A politically-committed blogger using the pen-name of Phan Kien Quoc, Hoang wrote articles that circulated widely online on education, the environment and the defence of Vietnam’s sovereignty in its relations with China. He participated in a campaign against Chinese mining of bauxite in Vietnam’s central highlands and gave extra-curricular training in leadership to his students. He is also a member of the banned pro-democracy party Viet Tan.

Armed security agents tried to intimidate journalists during today’s trial and to dissuade them from covering the proceedings. The judge ruled that Hoang had “blackened the image of the country” and was guilty of “activities aimed at overthrowing the people’s government.” Arrested on 13 August 2010, Hoang spent almost a year in pre-trial detention. Under Vietnamese law, this will be discounted from the jail time he has to serve.

Hoang’s conviction comes just eight days after an appeal court upheld a seven-year jail sentence for another prominent blogger and dissident, Cu Huy Ha Vu. And Nguyen Van Ly, a Catholic priest and editor of the underground publication Tu Do Ngon Luan, was returned to jail just two weeks ago after a year and a half on parole because of very poor health.

Reporters Without Borders wrote to the prime minister on 8 August urging him to “reverse this trend” and to “stop the political arrests and trials.”

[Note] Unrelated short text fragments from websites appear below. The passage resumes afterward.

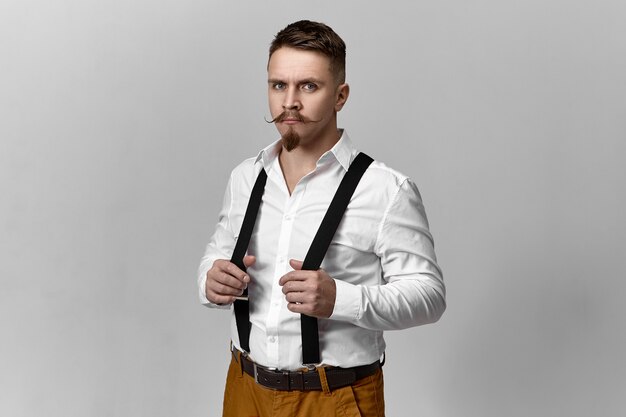 Studio photo de jeune marié élégant attrayant avec moustache de guidon et barbe s'habiller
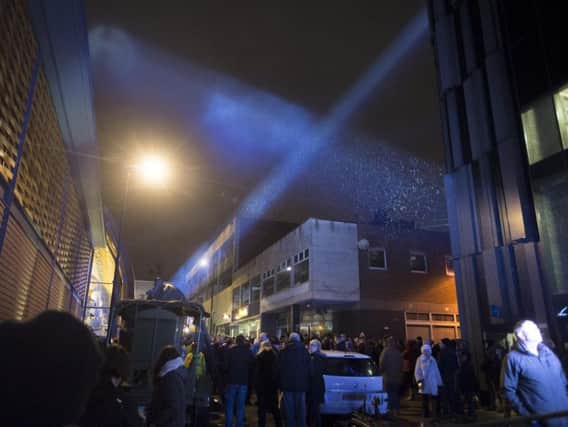 Searchlights sweep the sky at an event at the Moor Market last December to commemorate the 75th anniversary of the Sheffield Blitz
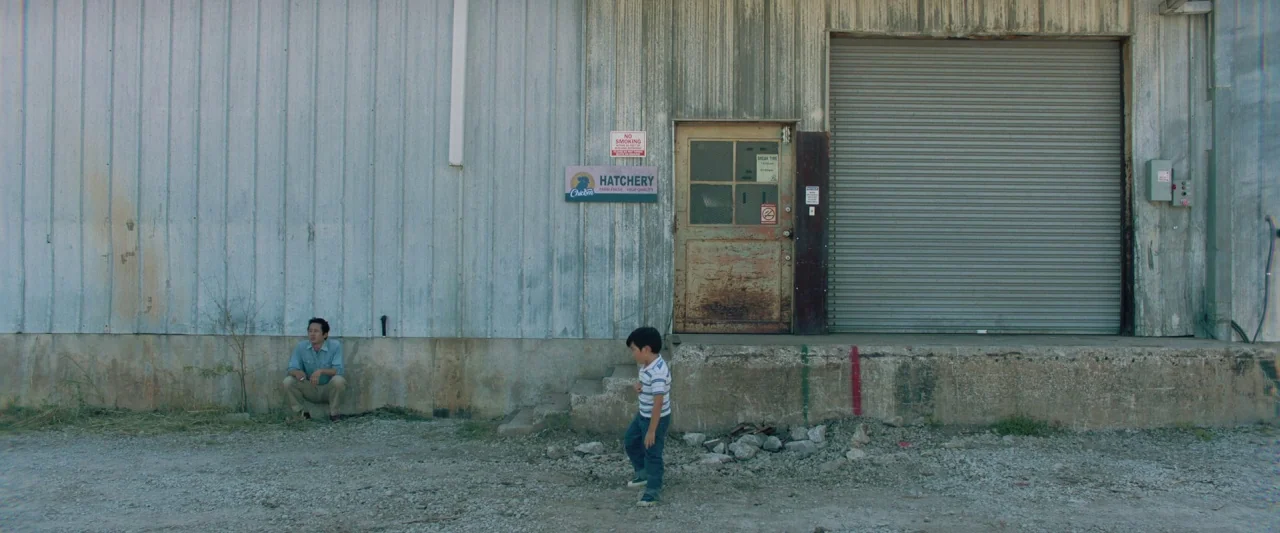 Minari (2020) movie still: wide — A dilapidated industrial hatchery building with a corrugated metal facade and gravel foreground. An adult man…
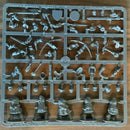 Plastic mold with miniature figures and accessories on a wooden surface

Vietnamese foreign ministry spokesperson Nguyen Phuong Nga insisted on 27 July that “all of the basic rights and freedoms figure in the Vietnamese constitution and in the laws that are below it” and “are respected in practice too.” In Vietnam, “no one is punished for expressing their opinions,” she claimed.

The legality of the activities of Hoang and the other jailed netizens is guaranteed by the Universal Declaration of Human Rights, the International Covenant on Civil and Political Rights and articles 35, 50, 53 and 69 of Vietnam’s own constitution.

Vietnam is on the Reporters Without Borders list of “Enemies of the Internet” that was released on 12 March and is ranked 165th out of 178 countries in the Reporters Without Borders press freedom index.